> PROBLEM DESCRIPTION:
Your task is to copy the stretch of lines in the records below that begins with the line containing "2018 Subaru Impreza 2.0i Limited photo 1" and ends with the line containing "Old Pink Girl", exactly as written, with nothing added.

**** DATA FOR THE TASK ****

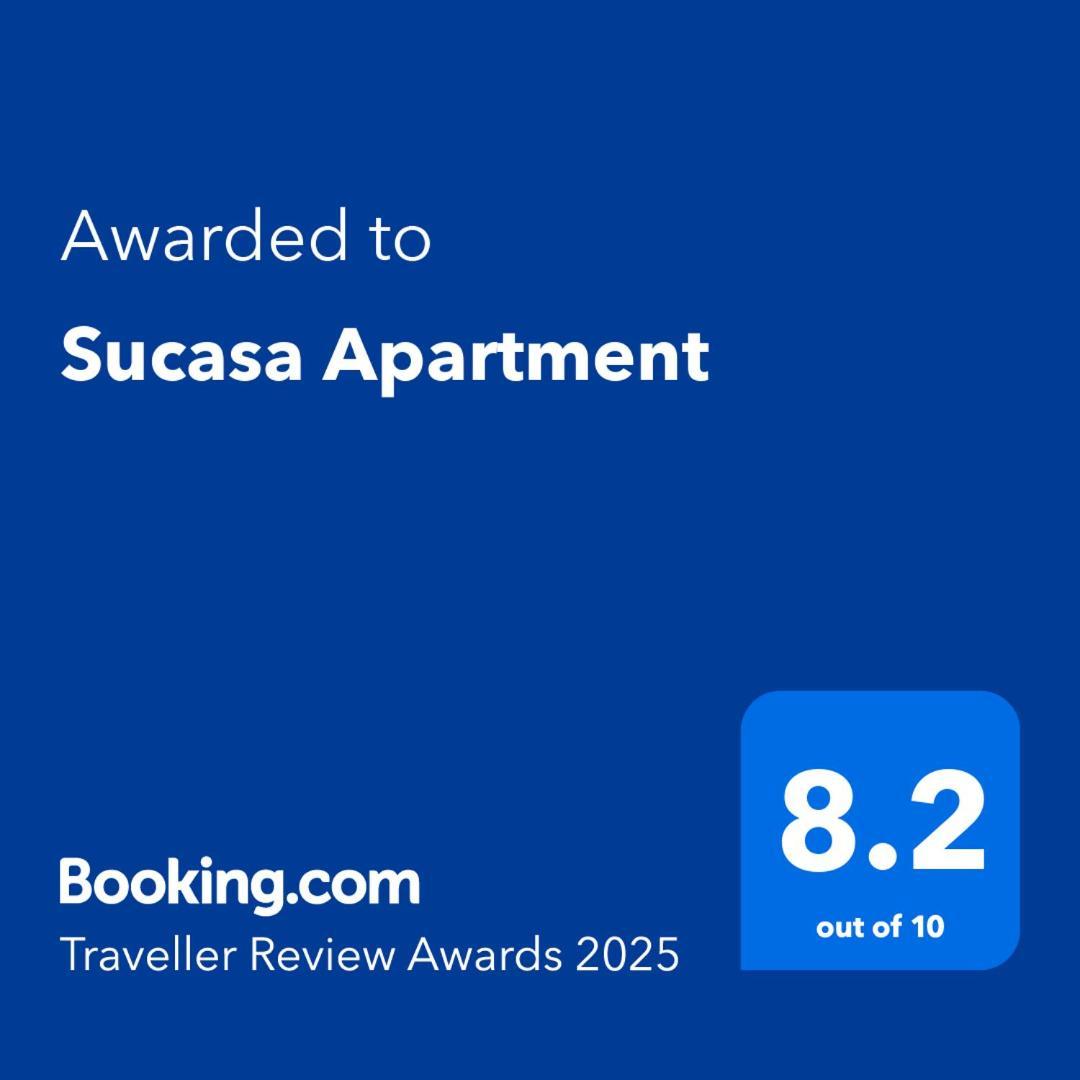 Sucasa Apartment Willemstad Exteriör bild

****
**** DATA FOR THE TASK ****

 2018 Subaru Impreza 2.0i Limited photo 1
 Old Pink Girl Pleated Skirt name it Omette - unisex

****
**** DATA FOR THE TASK ****

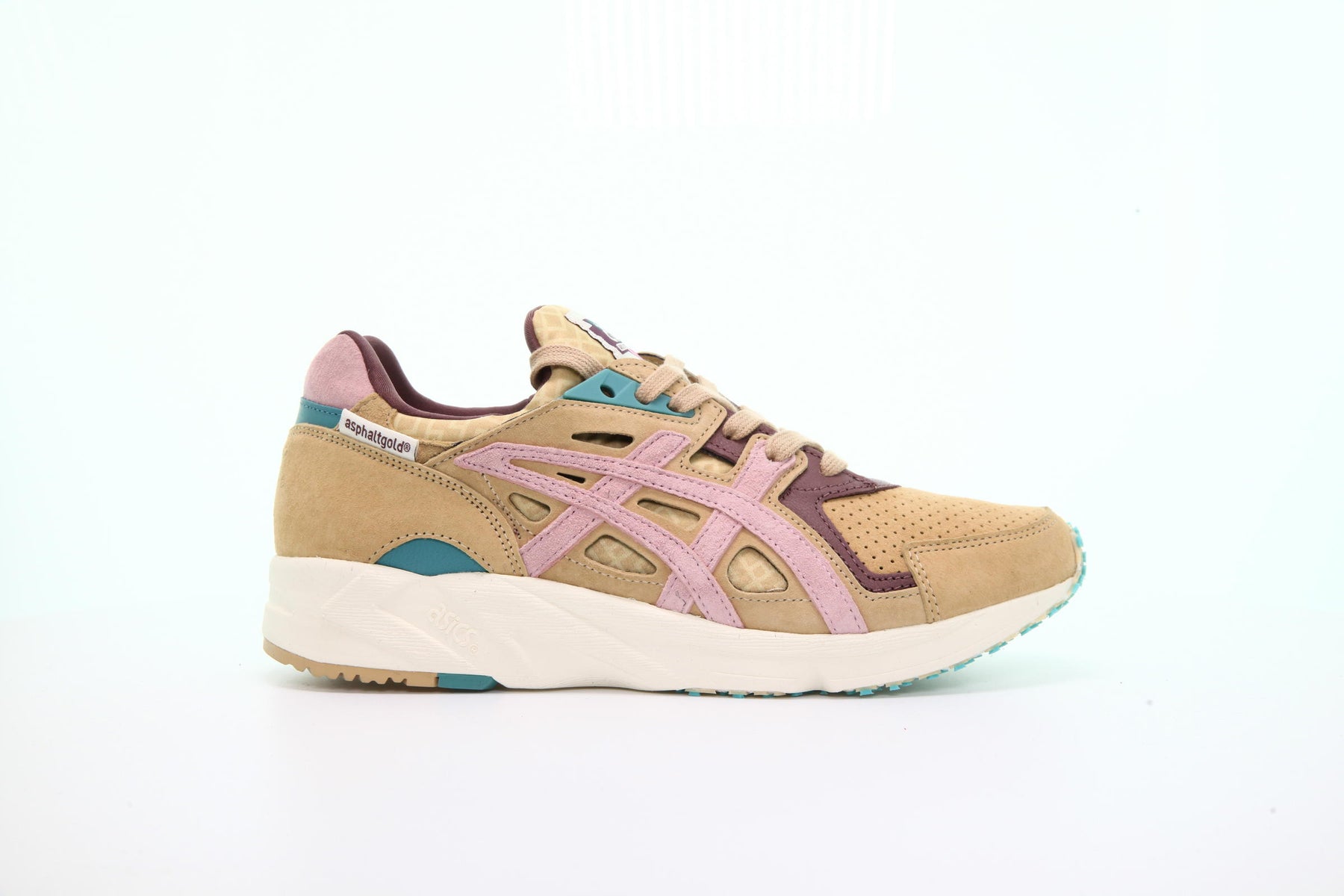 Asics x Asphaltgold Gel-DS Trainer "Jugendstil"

****

> RESPONSE TO THE TASK:
 2018 Subaru Impreza 2.0i Limited photo 1
 Old Pink Girl Pleated Skirt name it Omette - unisex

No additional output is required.